### [BRIEF]
Exclude the pictures and reproduce exactly the lines that run from the one holding "Отель GigaHotel 3* Улучшенный номер" to the end of the entries below.

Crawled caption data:
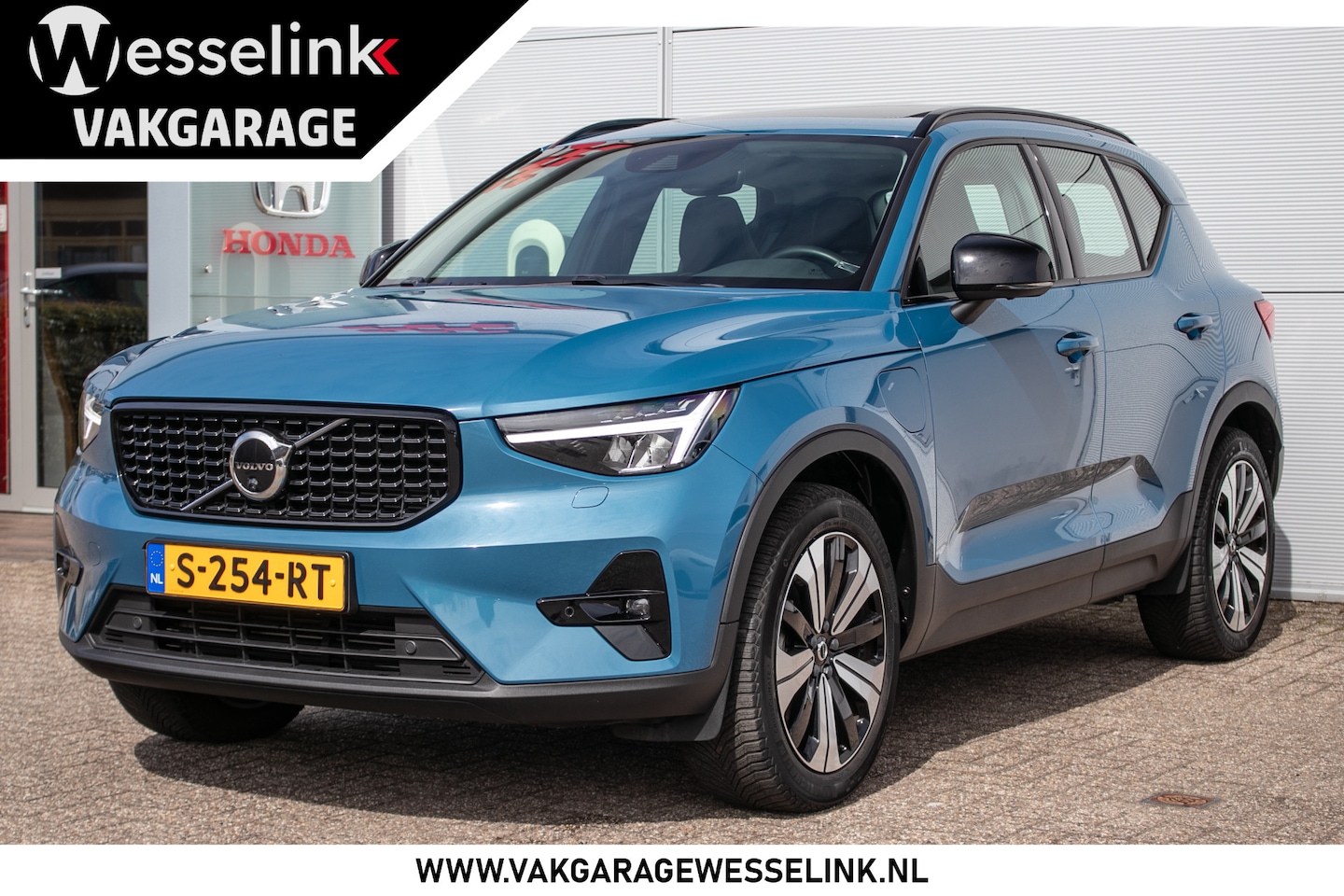Volvo XC40 - 1.5 T5 Recharge Inscription - Wegkl. trekh. | Leer | Mem. stoel | Stoel+stuurverw. | 360 c - AutoWereld.nl
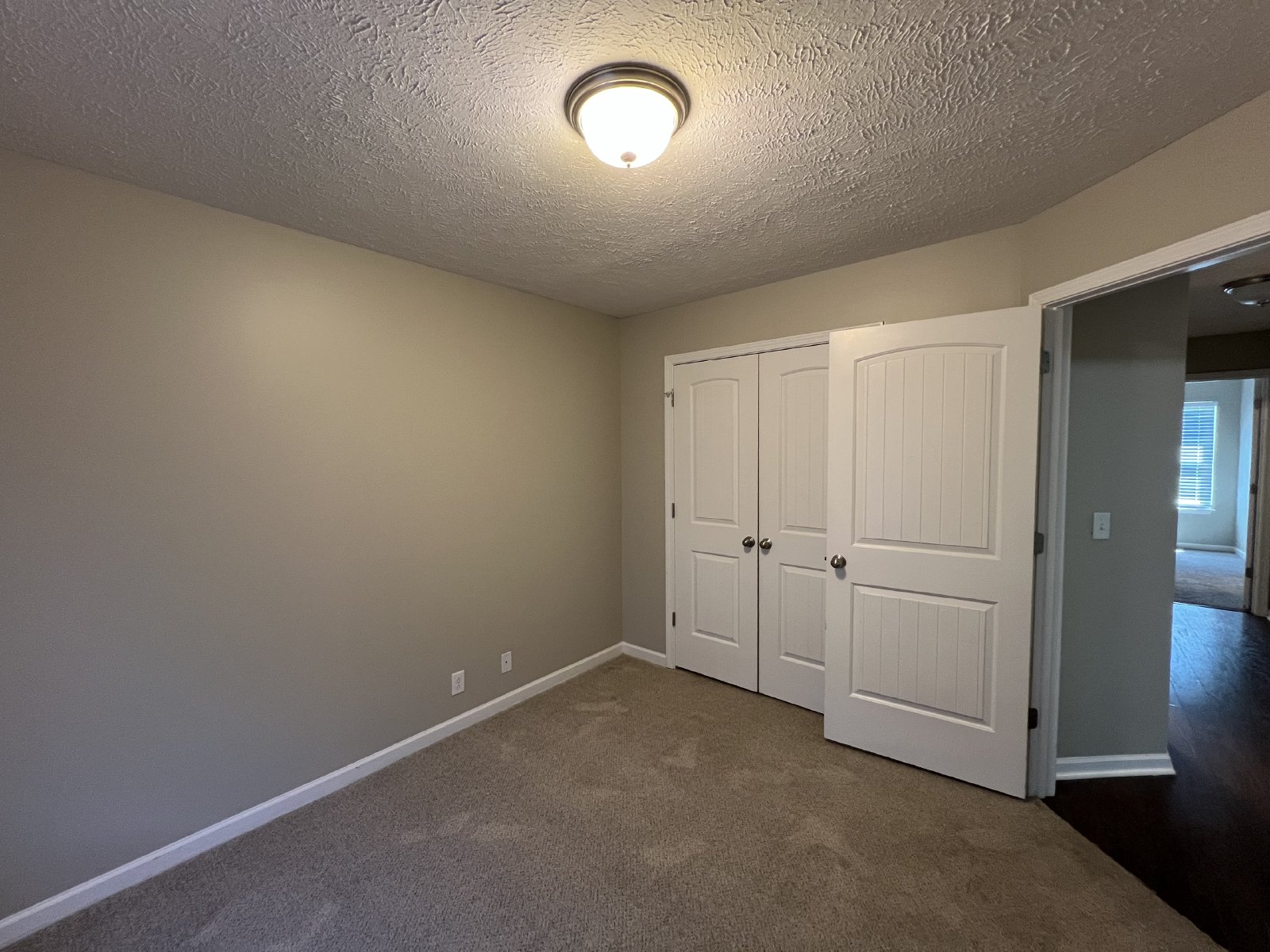 Cute 3 BR 2 Bath home near Christiana! property image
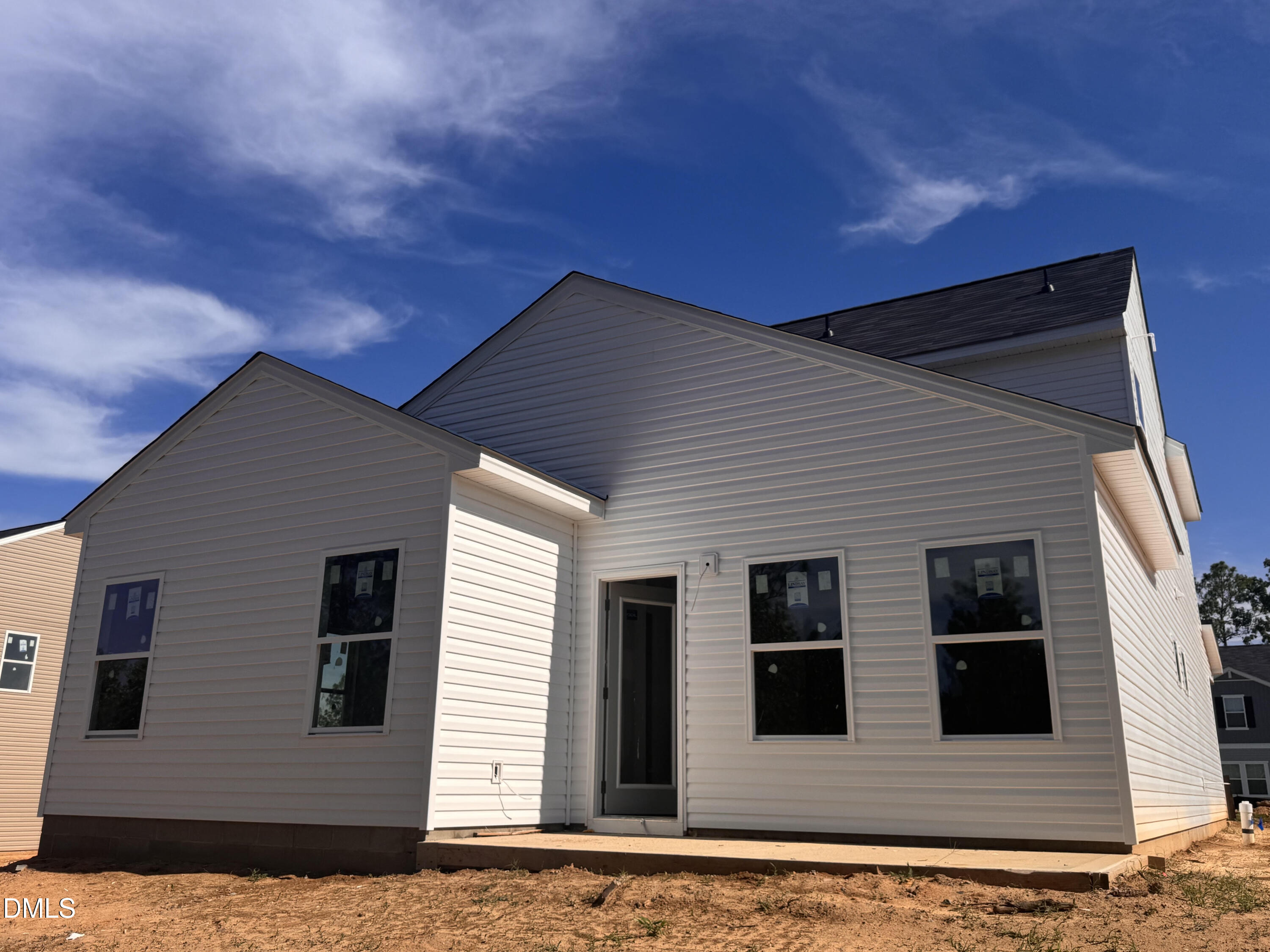 75 Colorado Court Property Photo 4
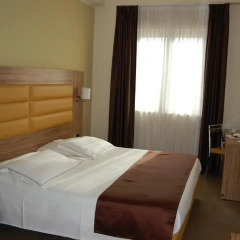 Отель GigaHotel 3* Улучшенный номер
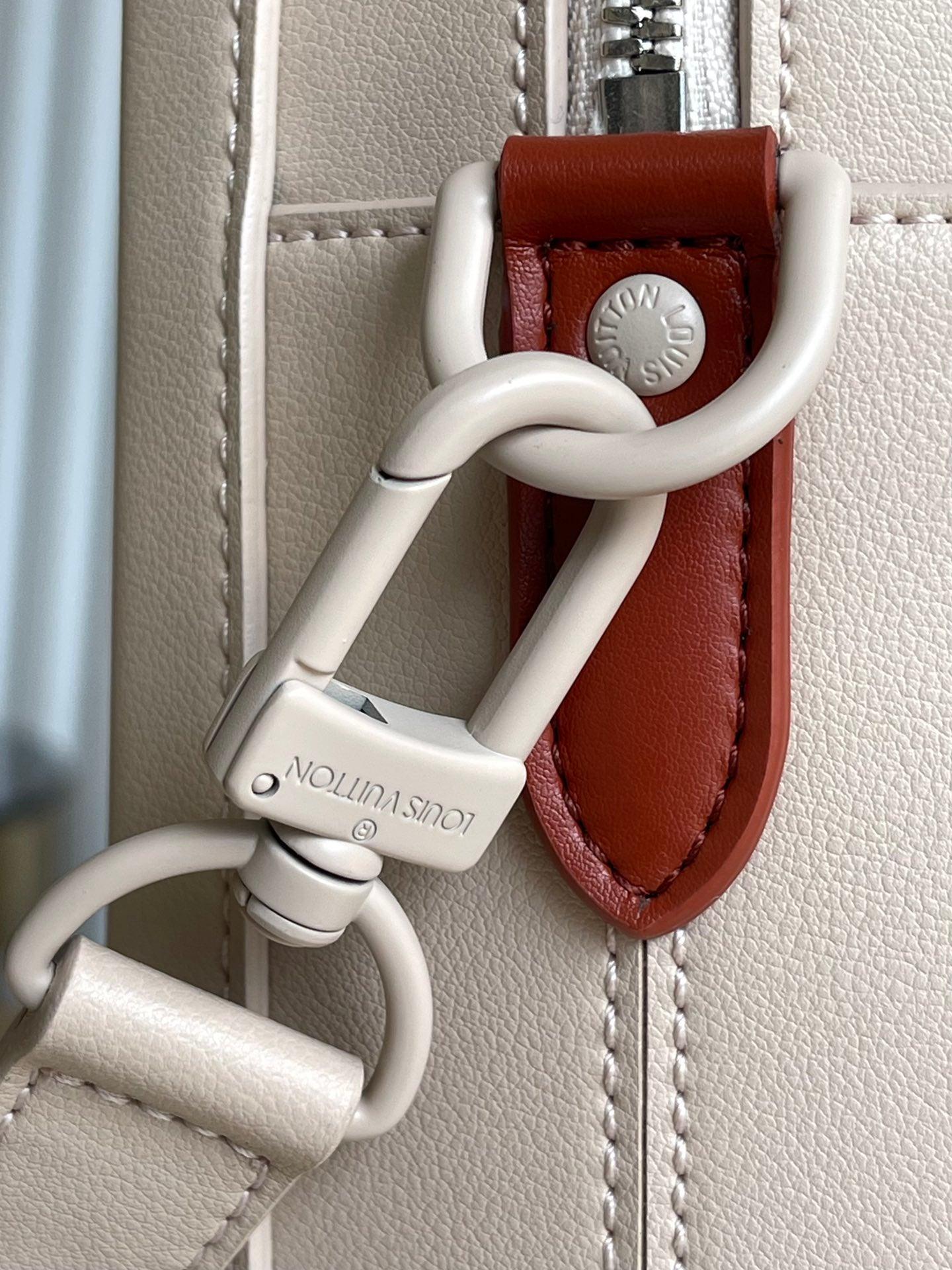 LV Soft Trunk Monogram Eclipse M44952 - tntwear1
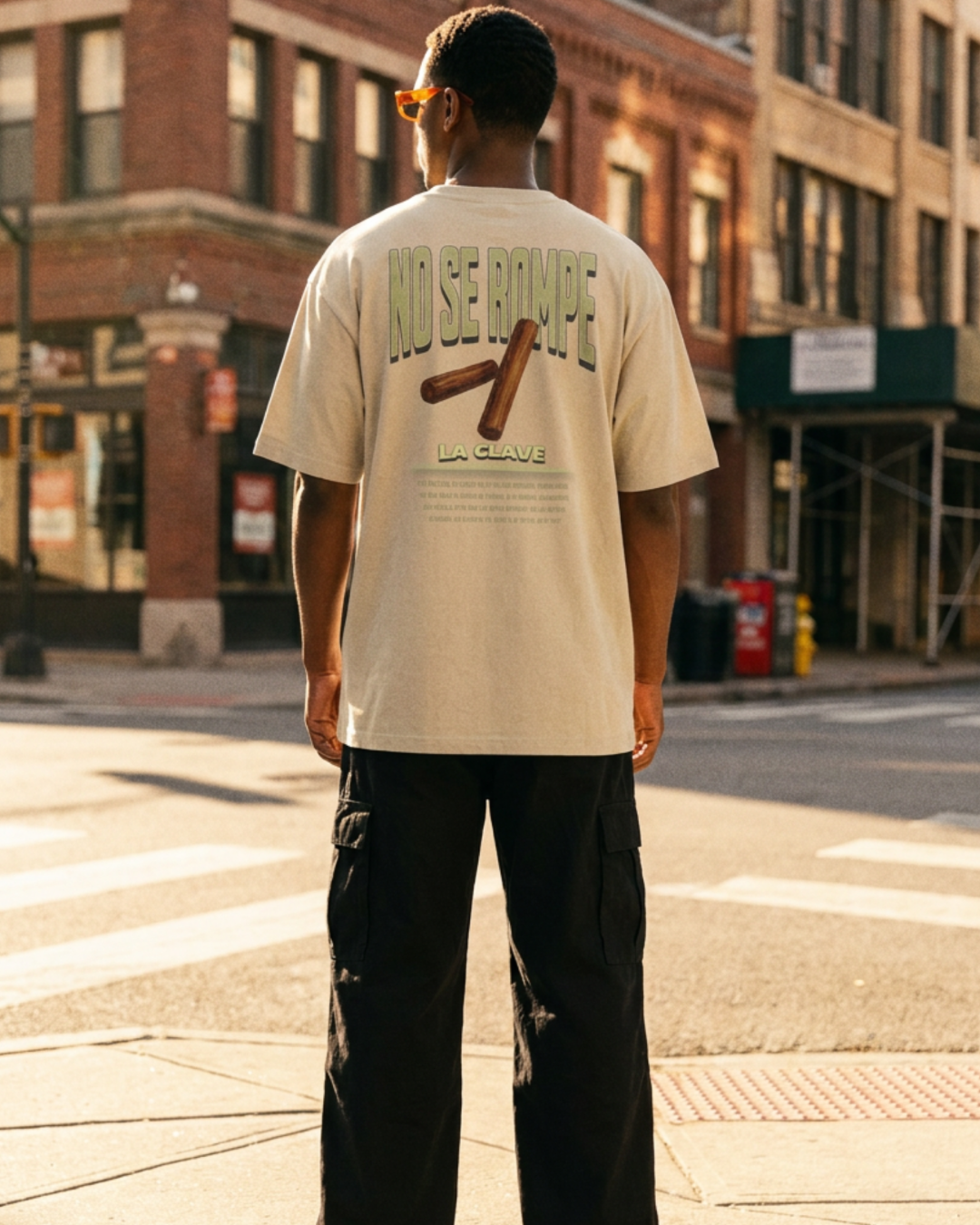 No se rompe la clave | Oversized faded t-shirt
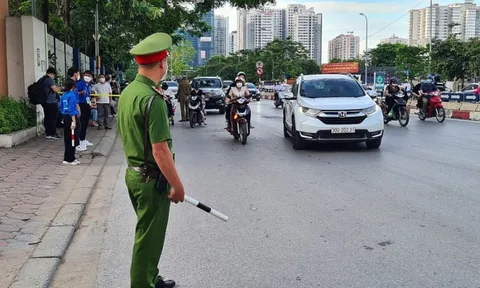 Công an Hà Nội đảm bảo ANTT, “tiếp sức mùa thi” cho sĩ tử Thủ đô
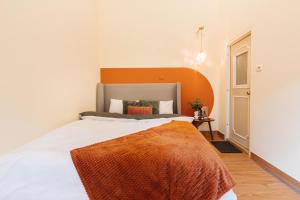 Near the train line,old Quarter, BBQ large terrace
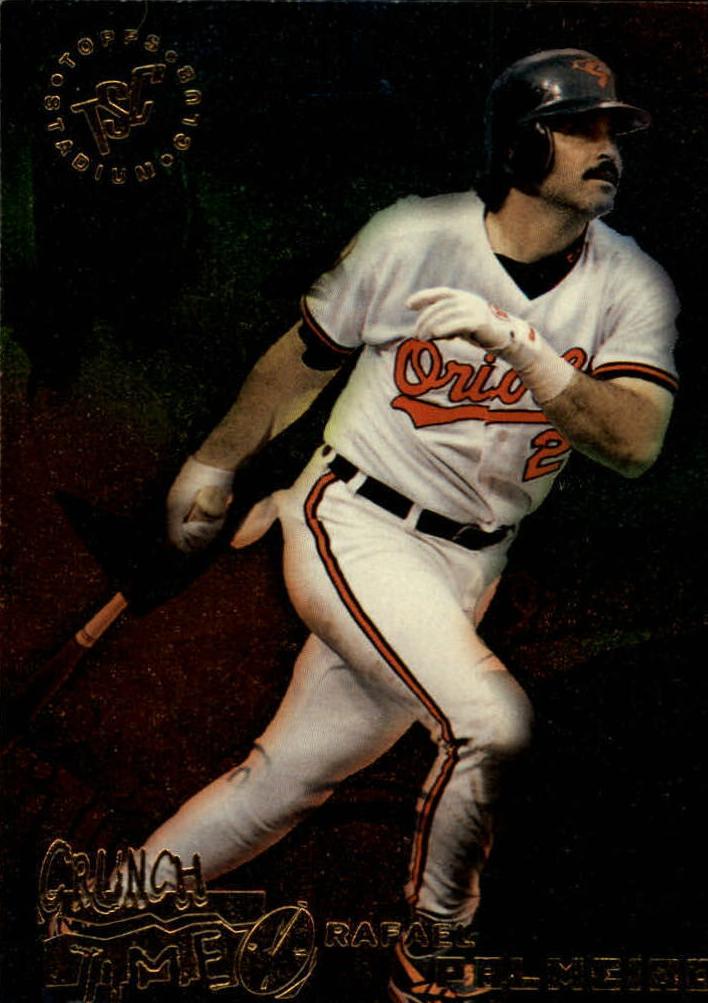 1995 Topps Stadium Club Baseball Rafael Palmeiro #17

### [RESPONSE TO THE EXERCISE]
 Отель GigaHotel 3* Улучшенный номер
 LV Soft Trunk Monogram Eclipse M44952 - tntwear1
 No se rompe la clave | Oversized faded t-shirt
 Công an Hà Nội đảm bảo ANTT, “tiếp sức mùa thi” cho sĩ tử Thủ đô
 Near the train line,old Quarter, BBQ large terrace
 1995 Topps Stadium Club Baseball Rafael Palmeiro #17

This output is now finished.